Mt Eden - one of the many extinct volcanoes in Auckland
Rangitoto - the youngest volcano in the Auckland Volcanic Field
After fighting our way free of the gift shop with only minor damage to the credit card (as I nobly left behind the possum/merino hooded cape I had developed an instant crush on) we went back to pick up the car with the intention of parking it near the public library where we were meeting Emma and the lovely Penny for lunch. Through a combination of misunderstanding and a flaky Navman that kept turning itself off we ended up parked way off across the Auckland University campus, but at least the walk was downhill and there were some pretty buildings to look at on the way. The kids and I made Adam go back on his own to get the car though, 'cause that was uphill all the way.
Emma, me, Penny and sprog.
We then made our way to the Auckland War Memorial Museum where David made a bee-line to the World War 1 and 2 exhibits and Tom kept doing the vanishing trick in his enthusiasm for moving on to the next room.
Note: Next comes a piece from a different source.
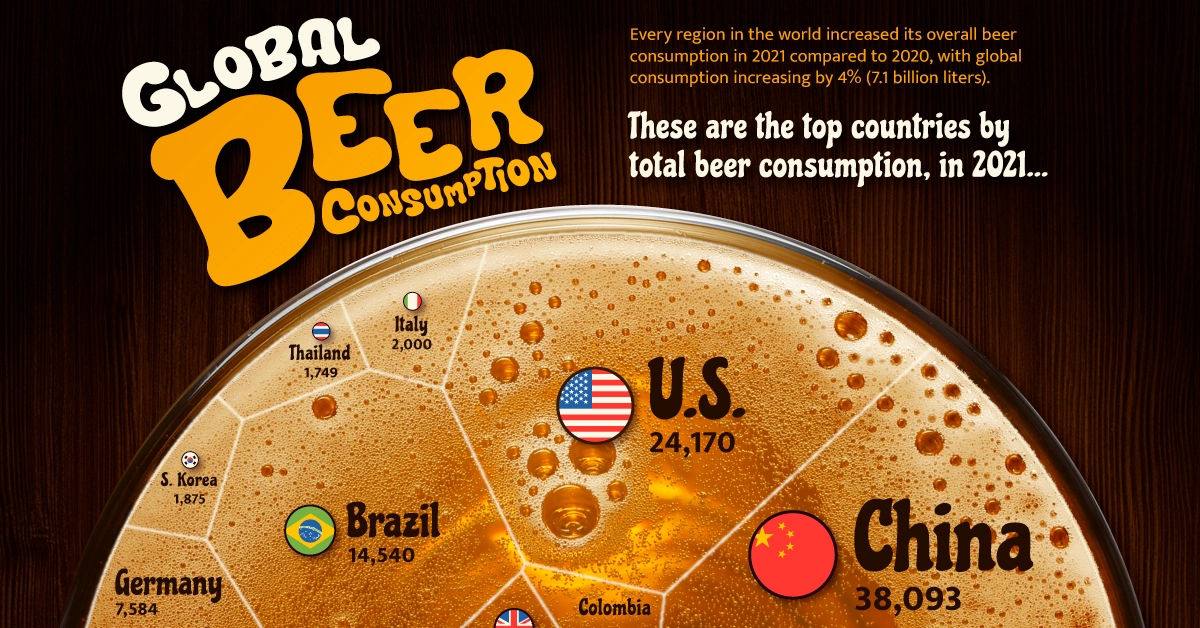 Ranked: Which Countries Drink the Most Beer?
We grabbed some afternoon tea in the cafe and then made Tom happy by looking through the Natural History exhibits only leaving when we were kicked out at closing time. For some unknown reason the only photos of the whole time we were at the museum are of this eel.
Eel, showing off its teeth.
For dinner I made Caitlin very happy indeed by finding a Wagamama's where she was able to stuff herself on edamame, rice and yakitori chicken skewers to her heart's content. Which was only fair as all she'd eaten all day was 2 slices of toast at breakfast, there'd been nothing she wanted to eat at any of the other places we'd been.
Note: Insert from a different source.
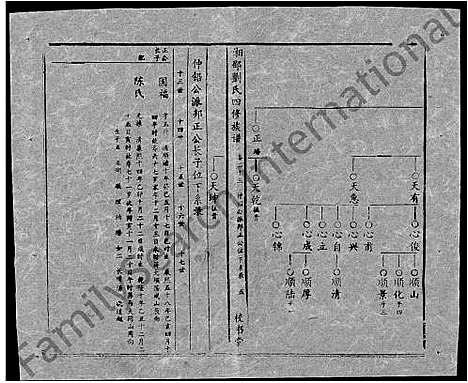 [刘]湘邵刘氏四修族谱_59卷首1卷 (湖南) 湘邵刘氏四修家谱_A083.pdf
Our last day dawned grey and wet and windy putting to rest any thought of a ferry ride on the harbour. Plan B was to visit the Kelly Tarlton Antarctic Experience, as we drove along the waterfront we marveled at the choppiness of the waves and the spray of them breaking over the edge of the embankment and splashing on to the footpath. And then we were at the lowest part of the causeway across Hobson Bay and there was water over the road and the police were turning the traffic back. We made our way around the bay, at one point driving through more water over the road that was almost certainly deeper than that where the police were playing it safe, only find Kelly Tarlton's, usually open 365 days a year, was closed, presumably due to the weather what with them being right on the waterfront and all. Bugger. At that point we gave up and headed for the airport, driving back through the now slightly deeper again water over the road that the cops still hadn't found. We checked in, had lunch and wandered around the shops. The shops wandering worked out quite nicely - I now own that possum/merino hooded cape which I'd been coveting back at the Sky Tower, very soft and cuddly and VERY indulgent.
The flight home went well and my wonderful mother met us at the airport with our van. The kids expressed rapture over not being squeezed into a sedan any more and proceeded to bombard Grandma with accounts of the best bits of the holiday. Which apparently means the Hobbiton visit, the LOTR tour of Wellington and the RPG run by James. Mum eventually declared that they were allowed just one more minute of Waaargh stories after which they would have to stop before her brain exploded.
We were greeted with much doggy enthusiasm by Clara when we arrived home. Both my ears were thoroughly licked (Clara doesn't lick at all normally). My dad did not lick my ears but I think he was happy to be going home to his own place, though not so happy to be going back to being car-less! Mum and Dad stayed for a cuppa and to look at some of our photos then Mum left and we ordered Chinese for dinner.
New Zealand was wonderful, but it is good to be home.